*DATASET CONTENT:*
◆ ◆ ◆

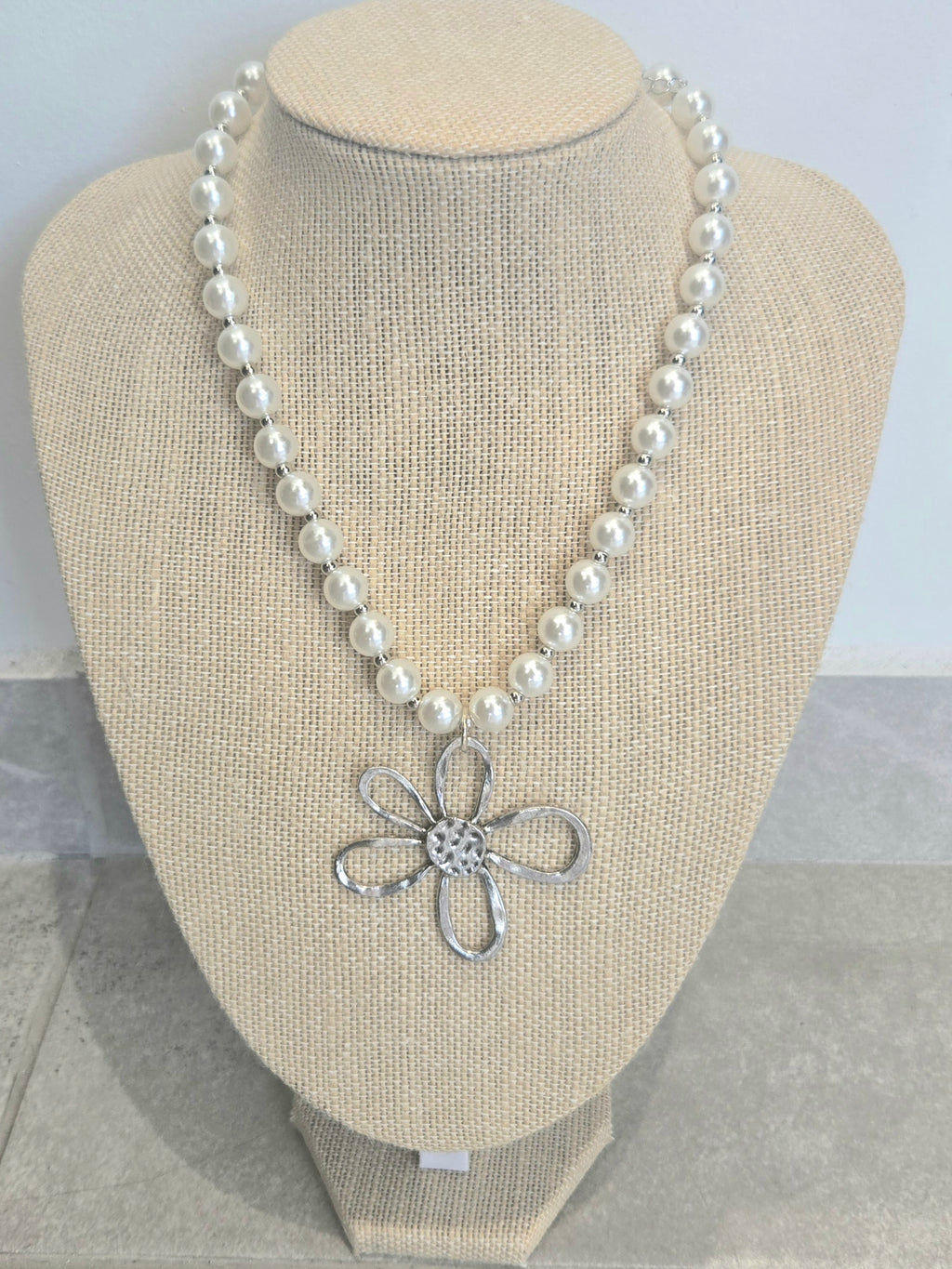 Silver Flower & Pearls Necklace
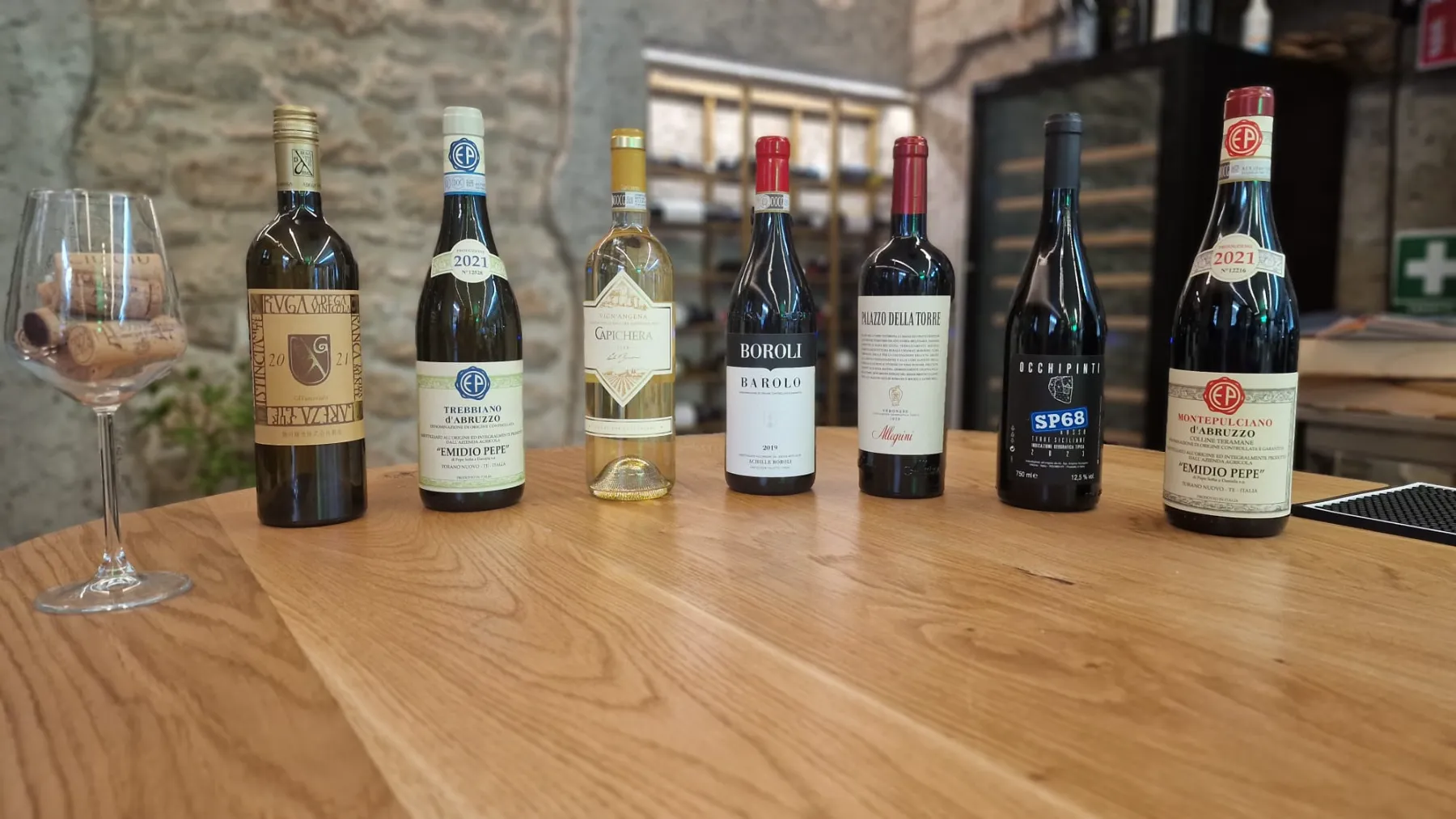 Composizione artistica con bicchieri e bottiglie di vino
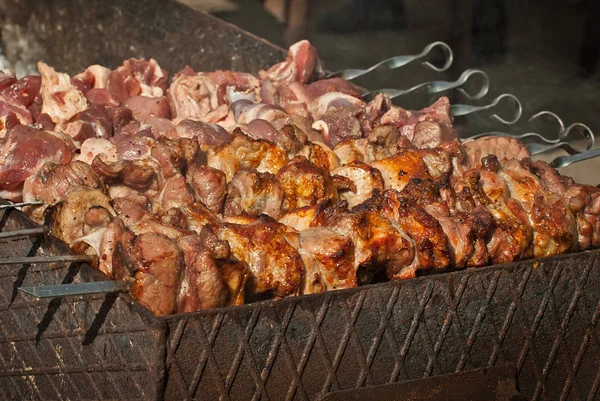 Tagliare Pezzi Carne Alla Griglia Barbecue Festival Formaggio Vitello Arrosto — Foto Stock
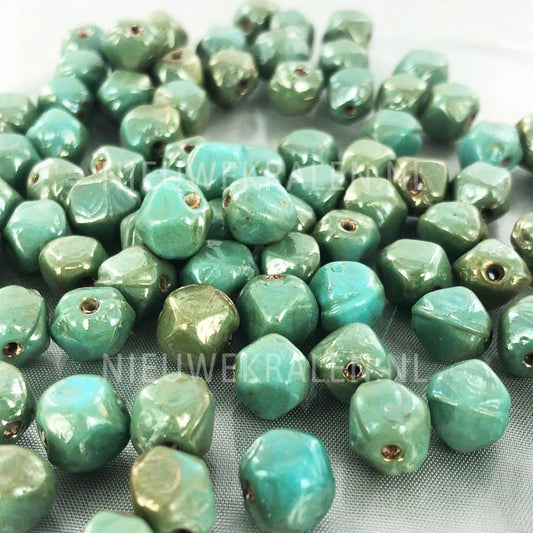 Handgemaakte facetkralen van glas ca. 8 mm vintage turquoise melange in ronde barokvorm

◆ ◆ ◆

*PROBLEM REQUIREMENTS:* Retype exactly, and only, the lines from the one containing "Tagliare Pezzi Carne" through the end of the material, leaving aside every picture.

*RESULT OF THIS TASK:*
 Tagliare Pezzi Carne Alla Griglia Barbecue Festival Formaggio Vitello Arrosto — Foto Stock
 Handgemaakte facetkralen van glas ca. 8 mm vintage turquoise melange in ronde barokvorm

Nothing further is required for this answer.